Working as a custodian in a local school, he’s left behind a life of sensationalism; living under the assumed name of Ron Gress. He has a son he loves but cannot touch, a past that won’t go away, and one simple mantra standing between what he is and what he used to be: Keep it secret. Keep it safe.
Jude isn’t like other people, a fact he’s known all his life. While some strive for significance, Jude wants to be like everyone else, but life will never be average for him. Nothing will ever be quite normal for someone who’s died three times, coming back to life each time with one haunting thought: nothing matters. There is no purpose, there is no reason, there is no Providence, there is no Other Side. Jude would like nothing better than to sit in his dark little corner of the world and let everything pass him by, but fate has different plans for him.
First of all, there is the young Kristina, arriving on his doorstep with all the worst symptoms of hero worship, spurned on by a belief that Jude has a destiny he’s ignoring. Despite his half-hearted rebuffs, she refuses to go away, turning up again and again like the proverbial ‘bad penny’.
Secondly, there are the visions suddenly intruding upon his solitary life, speaking of something more profound than he’s ever imagined, or is quite ready to accept. Why does he suddenly sense the death of others, and what’s he supposed to do about it? How can he save others when he’s barely able to save himself?

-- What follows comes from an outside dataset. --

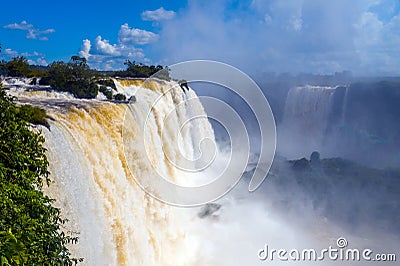 Waterfalls. Iguazu Falls in Brazil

Then there is the string of kidnapped children, ripped from their homes by someone impossibly evil. A growing realization that he has a part to play in the grisly affair looms over Jude, however doing so means facing past memories long walled off, as well as placing his belief in something larger than himself, which since the death of his mother is impossible to do.
Finally, there is his son Nathan and the boy’s mother, Rachael. As the visions and glimmerings of his potential destiny transform him, the possibility of having a normal, loving relationship with a family brings the greatest ache to his heart. Jude has reached a point where he may be ready to commit his life to Nathan and Rachael, but how can he do that while having visions of death, jerked along by the strings of an unseen, unknowable destiny?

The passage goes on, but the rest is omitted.